**To do:**
All of the entries, apart from their pictures, are to be copied verbatim.

Brief descriptive captions
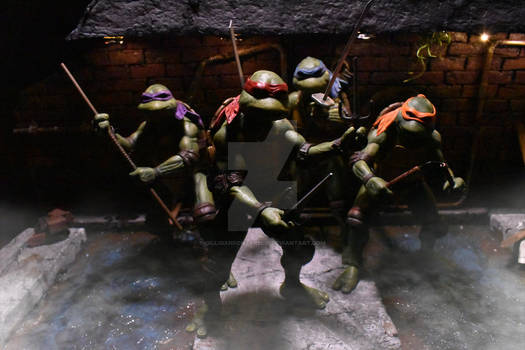 TMNT 1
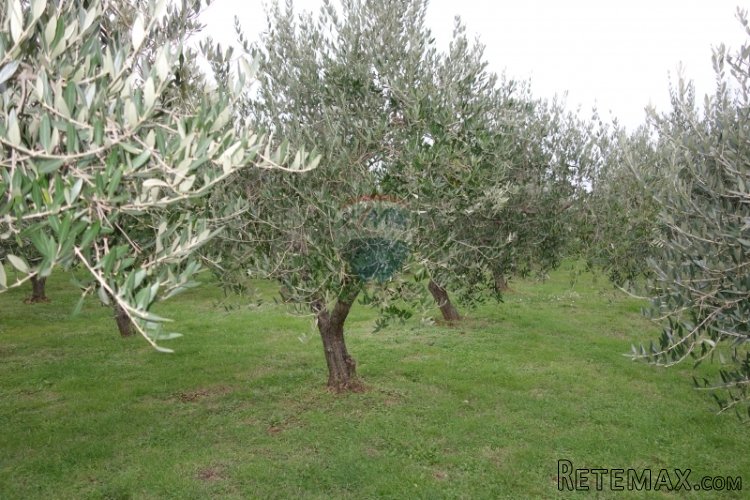 Istra, Medulin, maslinik sa 30-ogodišnjim maslinama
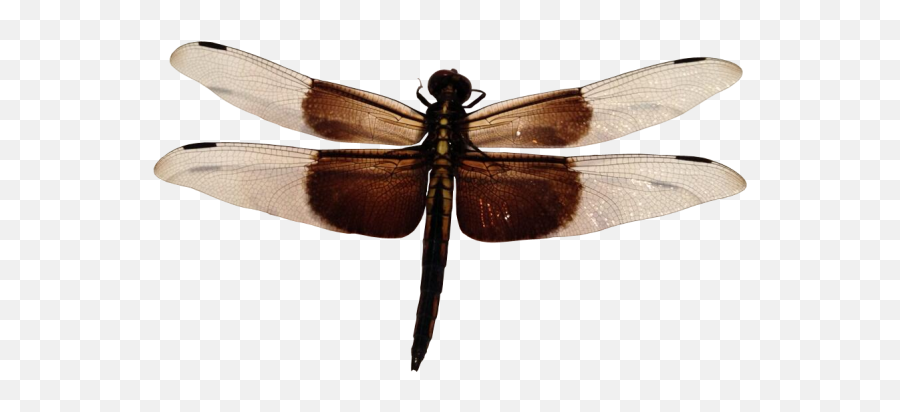 15 Dragonfli Insect Load20180523 Pngimg004 - Dragonfly Transparent Background Emoji,Dragonfly Emoji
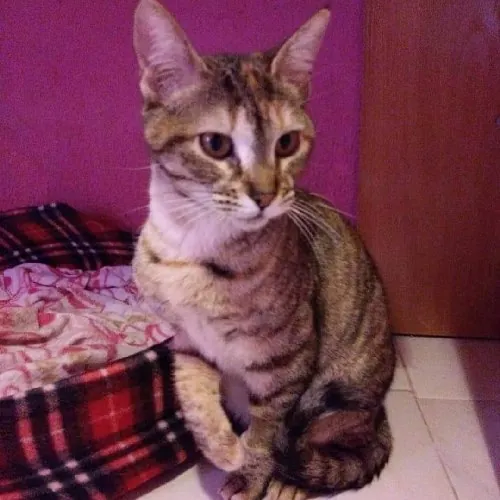 Miuuguuf Asociacion Protectora de Animales5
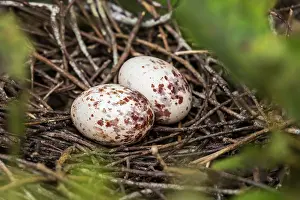 Hoatzin: Hoatzin, nest with eggs, Los Llanos, Colombia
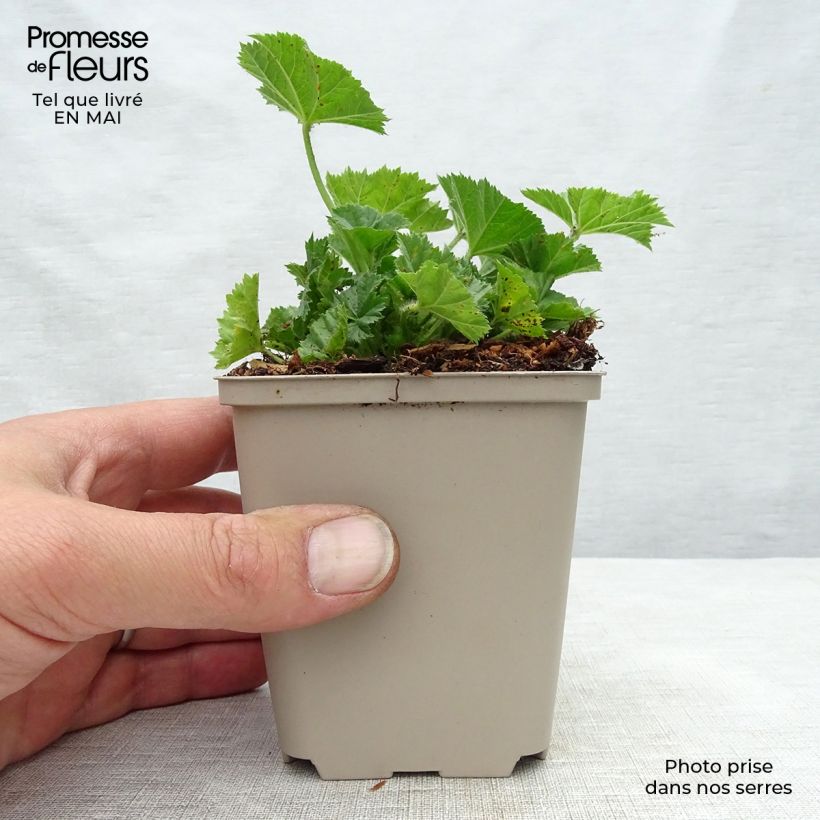 Malva sylvestris Primley Blue - Malva selvatica Vasetto da 8/9 cm esemplare consegnato in primavera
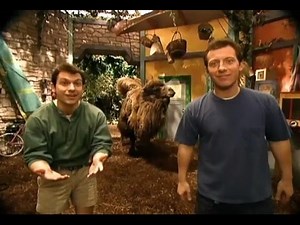 Zoboomafoo Cap. 38: "Los Cuatro Elementos"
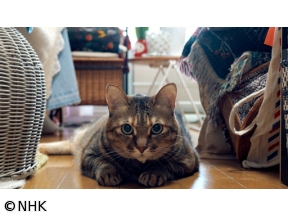 ネコメンタリー　猫も、杓子（しゃくし）も。　村山早紀と千花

**Solution for this task:**
 TMNT 1
 Istra, Medulin, maslinik sa 30-ogodišnjim maslinama
 15 Dragonfli Insect Load20180523 Pngimg004 - Dragonfly Transparent Background Emoji,Dragonfly Emoji
 Miuuguuf Asociacion Protectora de Animales5
 Hoatzin: Hoatzin, nest with eggs, Los Llanos, Colombia
 Malva sylvestris Primley Blue - Malva selvatica Vasetto da 8/9 cm esemplare consegnato in primavera
 Zoboomafoo Cap. 38: "Los Cuatro Elementos"
 ネコメンタリー　猫も、杓子（しゃくし）も。　村山早紀と千花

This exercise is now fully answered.